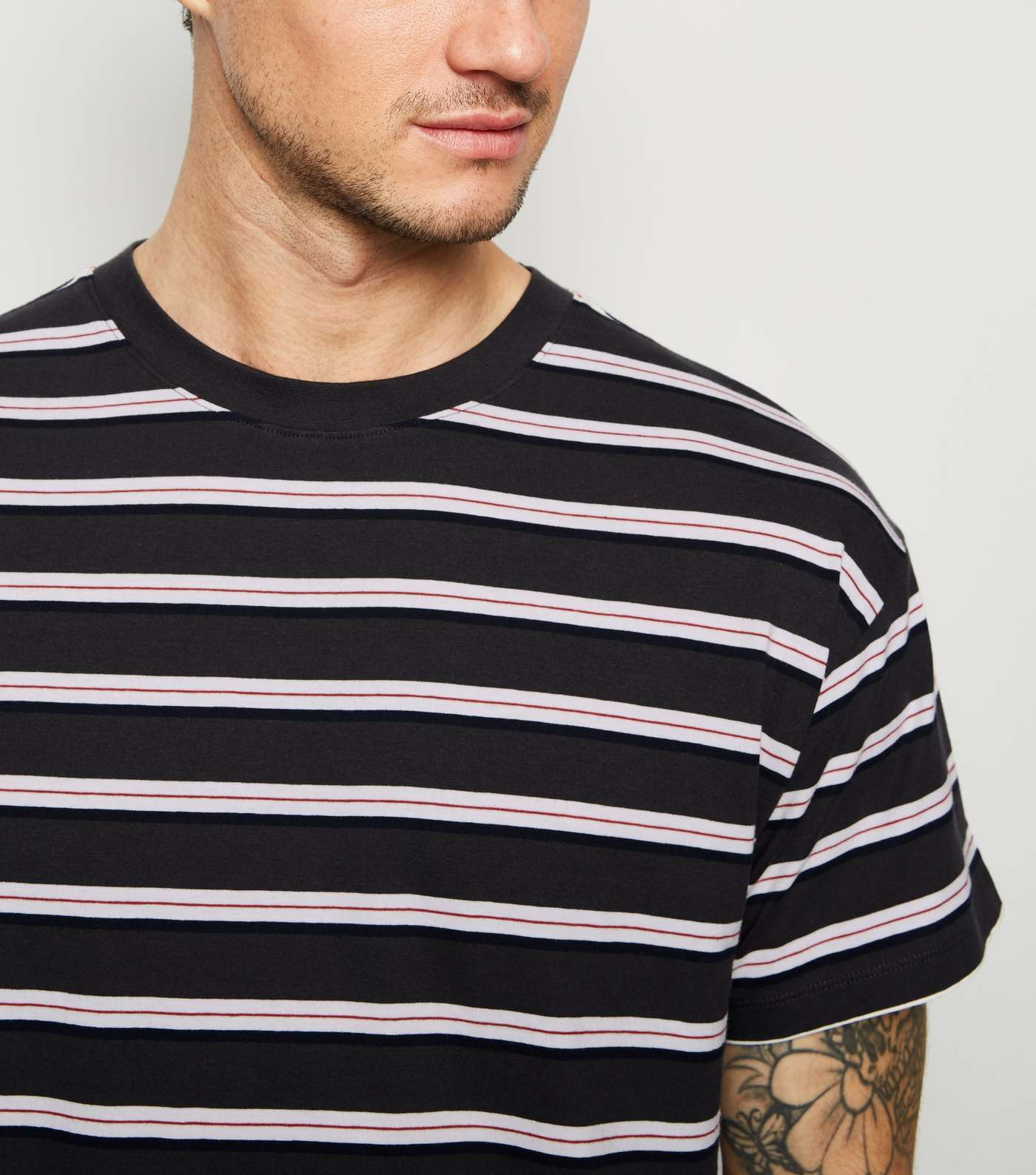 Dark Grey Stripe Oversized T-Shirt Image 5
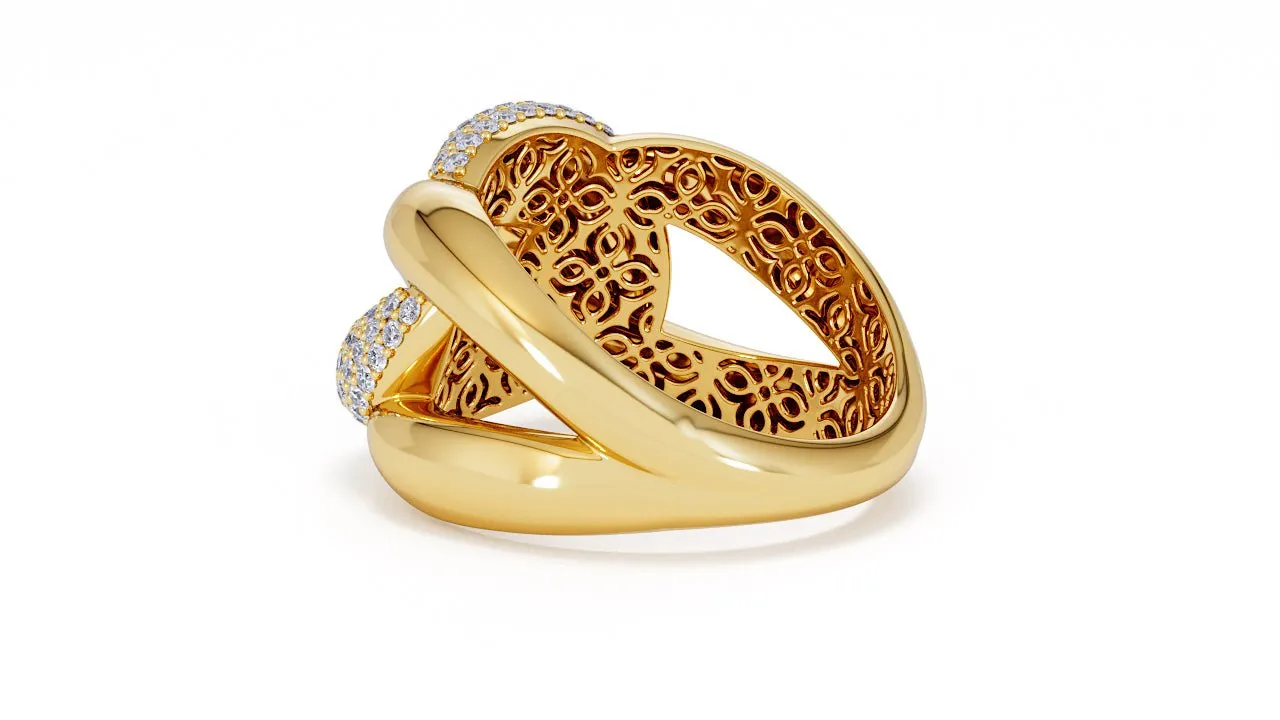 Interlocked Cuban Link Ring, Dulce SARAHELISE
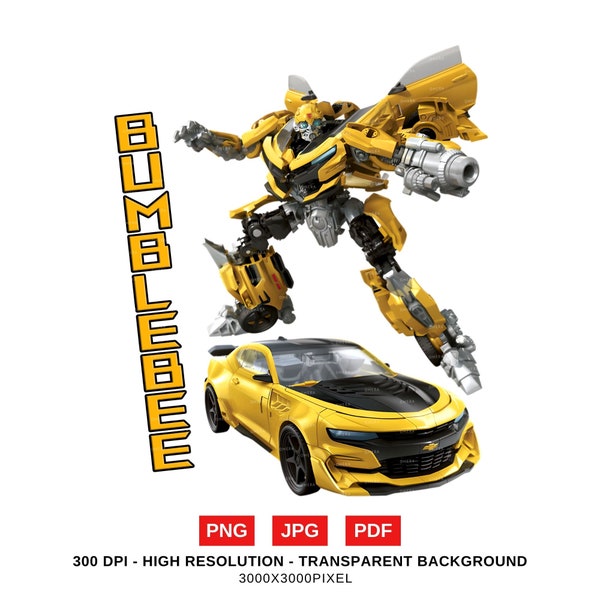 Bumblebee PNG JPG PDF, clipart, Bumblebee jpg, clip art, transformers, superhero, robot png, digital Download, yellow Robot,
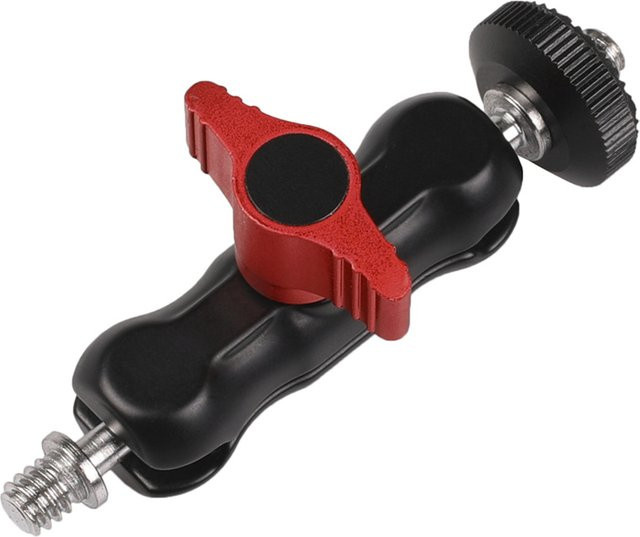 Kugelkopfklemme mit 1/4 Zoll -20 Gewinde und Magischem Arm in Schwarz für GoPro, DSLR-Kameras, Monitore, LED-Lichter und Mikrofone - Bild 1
--
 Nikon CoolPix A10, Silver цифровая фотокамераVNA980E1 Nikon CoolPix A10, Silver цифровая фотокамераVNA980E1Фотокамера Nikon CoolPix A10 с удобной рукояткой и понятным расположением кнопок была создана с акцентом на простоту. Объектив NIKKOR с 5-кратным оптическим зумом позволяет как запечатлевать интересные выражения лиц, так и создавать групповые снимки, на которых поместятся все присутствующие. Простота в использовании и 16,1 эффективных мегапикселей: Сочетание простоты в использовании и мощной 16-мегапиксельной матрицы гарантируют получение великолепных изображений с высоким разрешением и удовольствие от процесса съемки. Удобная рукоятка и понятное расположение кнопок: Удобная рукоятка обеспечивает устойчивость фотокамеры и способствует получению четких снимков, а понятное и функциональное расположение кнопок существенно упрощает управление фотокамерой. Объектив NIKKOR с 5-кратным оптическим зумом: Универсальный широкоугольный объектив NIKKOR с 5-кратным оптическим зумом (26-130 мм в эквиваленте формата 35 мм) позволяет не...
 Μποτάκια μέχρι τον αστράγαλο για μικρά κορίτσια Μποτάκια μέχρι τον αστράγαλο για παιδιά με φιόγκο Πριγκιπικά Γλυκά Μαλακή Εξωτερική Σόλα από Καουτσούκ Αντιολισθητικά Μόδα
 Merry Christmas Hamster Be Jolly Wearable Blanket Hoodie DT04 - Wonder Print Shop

YOUR GOAL:
Your reply is to repeat, unchanged, the lines above running from the one with "Nikon CoolPix A10, Silver цифровая фотокамераVNA980E1 Nikon" up to and including the one with "Merry Christmas Hamster".

EXPECTED ANSWER:
 Nikon CoolPix A10, Silver цифровая фотокамераVNA980E1 Nikon CoolPix A10, Silver цифровая фотокамераVNA980E1Фотокамера Nikon CoolPix A10 с удобной рукояткой и понятным расположением кнопок была создана с акцентом на простоту. Объектив NIKKOR с 5-кратным оптическим зумом позволяет как запечатлевать интересные выражения лиц, так и создавать групповые снимки, на которых поместятся все присутствующие. Простота в использовании и 16,1 эффективных мегапикселей: Сочетание простоты в использовании и мощной 16-мегапиксельной матрицы гарантируют получение великолепных изображений с высоким разрешением и удовольствие от процесса съемки. Удобная рукоятка и понятное расположение кнопок: Удобная рукоятка обеспечивает устойчивость фотокамеры и способствует получению четких снимков, а понятное и функциональное расположение кнопок существенно упрощает управление фотокамерой. Объектив NIKKOR с 5-кратным оптическим зумом: Универсальный широкоугольный объектив NIKKOR с 5-кратным оптическим зумом (26-130 мм в эквиваленте формата 35 мм) позволяет не...
 Μποτάκια μέχρι τον αστράγαλο για μικρά κορίτσια Μποτάκια μέχρι τον αστράγαλο για παιδιά με φιόγκο Πριγκιπικά Γλυκά Μαλακή Εξωτερική Σόλα από Καουτσούκ Αντιολισθητικά Μόδα
 Merry Christmas Hamster Be Jolly Wearable Blanket Hoodie DT04 - Wonder Print Shop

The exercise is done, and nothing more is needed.